Революционеры – это зачастую те люди, для которых революции оказываются самой большой неожиданностью. Но в современных восстаниях есть что-то, что особенно сбивает их с толку: восстания основываются уже не на политических идеологиях, а на этических истинах. Для любого современного человека сочетание этих двух слов звучит как оксюморон. Устанавливать истину должна наука, не так ли? И наука не имеет никакого отношения к нравственным нормам и прочим условностям. В современном представлении Мир находится по одну сторону пропасти, человек – по другую, а язык позволяет перебросить между ними мост. Нас учили, что истина – это незыблемая точка над бездной, постулат, адекватно описывающий Мир. Мы весьма кстати позабыли о длительном пути к познанию, когда вместе с языком нам открывалась и связь с миром. Язык отнюдь не описывает мир, наоборот, он скорее помогает нам его построить. А потому этические истины – это не истины о Мире, а те истины, опираясь на которые, мы в этом мире живём. Эти истины, положения – высказанные или подразумеваемые – можно почувствовать, но нельзя доказать. Сжатые кулаки, долгий, молчаливый взгляд, устремлённый в глаза мелкого начальника, – вот одна из таких истин, ничуть не уступающая яростному выкрику «восставать нужно всегда». Это те истины, которые связывают каждого из нас с самим собой, с окружающей действительностью и друг с другом. Они приводят нас к настоящей общей жизни, к неразлучному, совместному существованию без оглядки на иллюзорные стены нашего Я. Местное население готово рисковать жизнью ради того, чтобы площадь не превратилась в парковку (как, например, в испанском Гамонале), чтобы парк не вырубили под постройку торгового центра (как Гези в Турции), чтобы лесная зона не стала аэропортом (как в Нотр-Дам-де-Ланд), и это происходит прежде всего потому, что всё, что мы любим, всё, что нам дорого, – люди, места или идеи, – всё это тоже часть нас. Наше самоощущение не сводится к некоему Я, проживающему свой срок в физическом теле, которое обтянуто кожей и снабжено комплектом якобы свойственных ему качеств. Когда громят мир, под ударом оказываемся мы сами.
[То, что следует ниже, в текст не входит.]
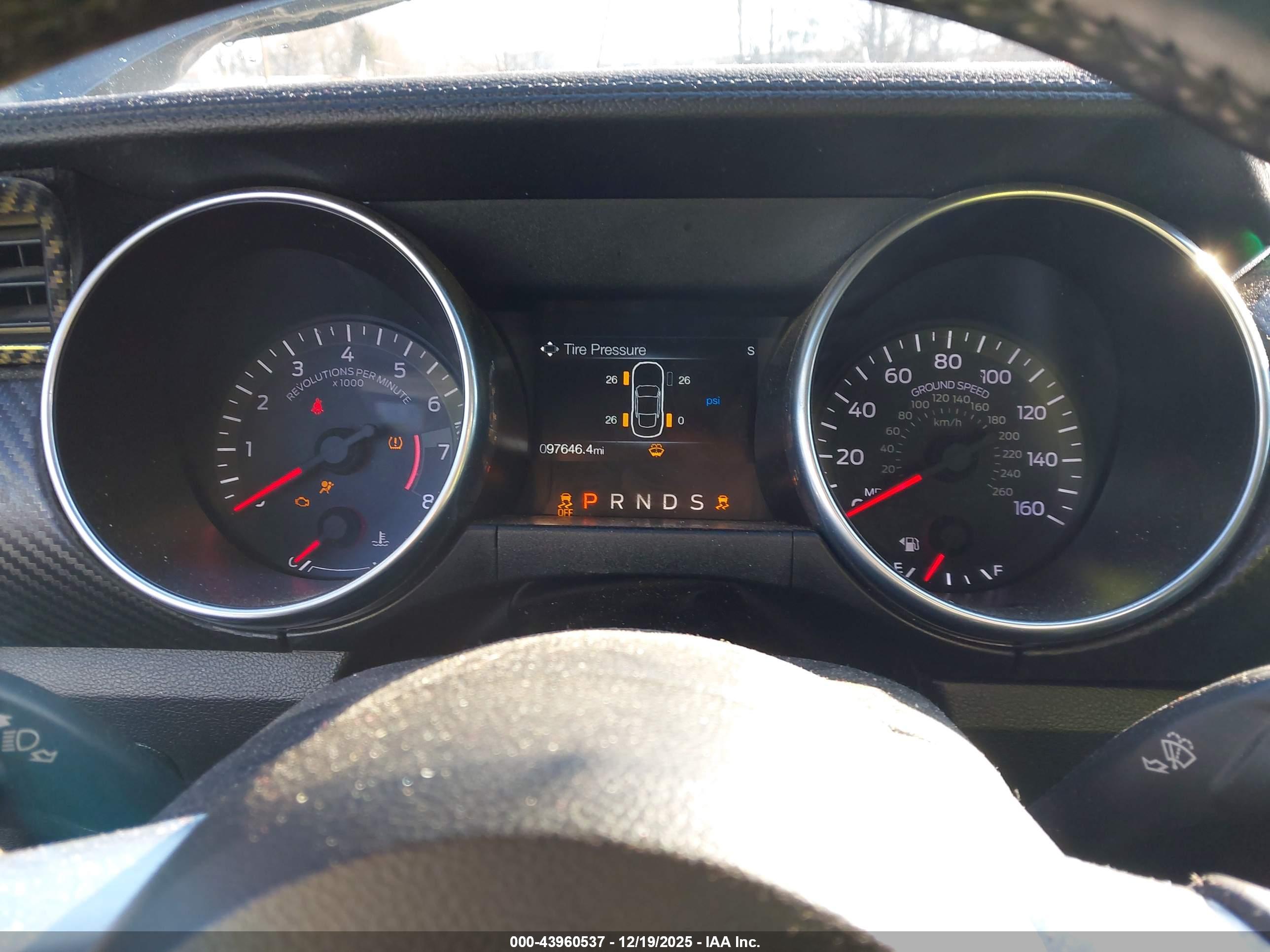 FORD MUSTANG image 7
Как бы парадоксально это ни звучало, но даже если этическая истина выражена через отрицание, одно только слово «Нет!» уже прямиком погружает нас в существование. Что не менее парадоксально, индивид практически перестаёт ощущать собственную индивидуальность, и порой одного самоубийства достаточно для того, чтобы вся конструкция общественной лжи разбилась вдребезги. Поступок Мохаммеда Буазизи, совершившего самосожжение перед мэрией города Сиди-Бузид, служит тому ярким доказательством. Взрывная сила этого действия обусловлена его мощнейшим посылом: «Навязанная нам жизнь не стоит того, чтобы жить», «Мы рождены не для того, чтобы терпеть от полиции такие унижения», «Вы можете превратить нас в ничтожества, но вы никогда не отнимете у нас ту часть независимости, которая дана всем живым» или же «Посмотрите на нас, мы, жалкие людишки, униженные и едва сводящие концы с концами, мы – выше тех уловок, при помощи которых вы оголтело пытаетесь удержать свою немощную власть». Вот что отчётливо звучало в этом поступке. Если телевизионное интервью Ваиля Гонима, записанное после того, как его задержали «службы», так резко развернуло ситуацию в Египте, то это потому, что сквозь его слёзы пробивалась истина, отзываясь в сердцах людей. Так, в первые недели движения Occupy Wall Street[18]18
Захвати Уолл-стрит (англ.).
[Закрыть] – пока вечные управляющие не сколотили пресловутые «рабочие группы» для подготовки решений, за которые собранию затем оставалось лишь голосовать – образцовым выступлением перед полуторатысячной толпой были слова того парня, однажды сказавшего: “Hi! What’s up? My name is Mike. I’m just a gangster from Harlem. I hate my life. Fuck my boss! Fuck my girlfriend! Fuck the cops! I just wanted to say: I’m happy to be here, with you all” («Привет! Как делишки? Меня зовут Майк. Я простой гангстер из Гарлема. Меня задолбала эта жизнь. К чёрту босса! К чёрту подружку! К чёрту ментов! Я просто хотел сказать: я рад, что оказался здесь, вместе со всеми»). И его слова семь раз повторил хор «человеческих рупоров», которые выполняли функцию микрофонов, запрещённых полицией.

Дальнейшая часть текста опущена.